Helen Thomas, who was the first recipient of the Helen Thomas Lifetime Achievement Award, established by the White House Correspondents Association, and who has covered every president since Kennedy, said she would like to see more Americans inform themselves of the facts and speak up because, “Everything that’s done by the government is done in your name…You are responsible whether you like it or not.” Helen recently spoke up by criticizing the president’s policies on Iraq. The White House responded by relegating her to the back row in the press room, and she was not called on during the president’s March 7th press conference on Iraq.
Ironically, those Americans who would have the protestors shut up are also espousing freedom. Yet it seems to me that what they are wanting is more in line with a communistic fascist government, where no one is allowed to disagree. I would like those Americans who think protest is unpatriotic to consider the words of historian Henry Steele, “Loyalty is the realization that America was born of revolt, flourished in dissent, became great through experimentation. Our tradition is one of protest and revolt, and it is stultifying to celebrate the rebels of the past while we silence the rebels of the present.”

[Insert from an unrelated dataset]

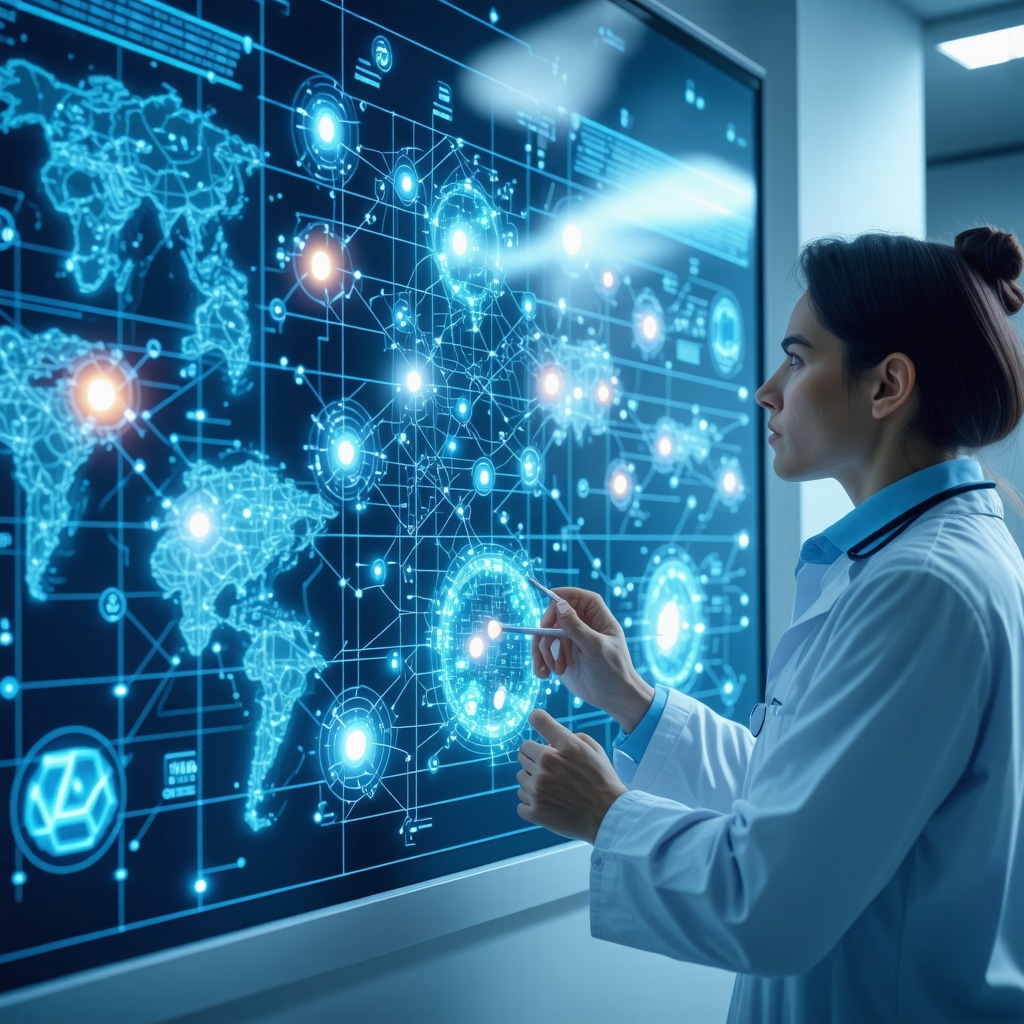 Doctor consulting AI-driven genomic and metabolic data for personalized weight loss treatment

Perhaps the substantial protest of Americans from all walks of life is a sign that a new sense of patriotism is being reborn, the kind reminiscent of our Founding Fathers, who also challenged the status quo and who bravely fought against the abuse of imperialistic power, the very thing the Bush Administration has recently been accused of. Actor and long time political activist, Martin Sheen, recently said on CNN, countering the notion that protest is unpatriotic, “I can’t begin to tell you how much I love my country. I love it enough to risk its wrath by pointing out the things that will destroy it, harm it very deeply.”
I believe a patriot is one that is an active and informed participant of his or her government, one who is passionate about upholding the ideals its country stands for, not just in word but in deed. This could mean going to war to defend your country, but it also could mean guarding against the overstepping of your country, such as when it initiates offensive wars against weaker nations.
I am greatly inspired by those who have publicly spoken out against our actions in Iraq, despite the risk that they will probably be mocked and discredited. Those who have done so have caused me to broaden my understanding of the meaning of patriotism and have made me want to be a more informed and active citizen.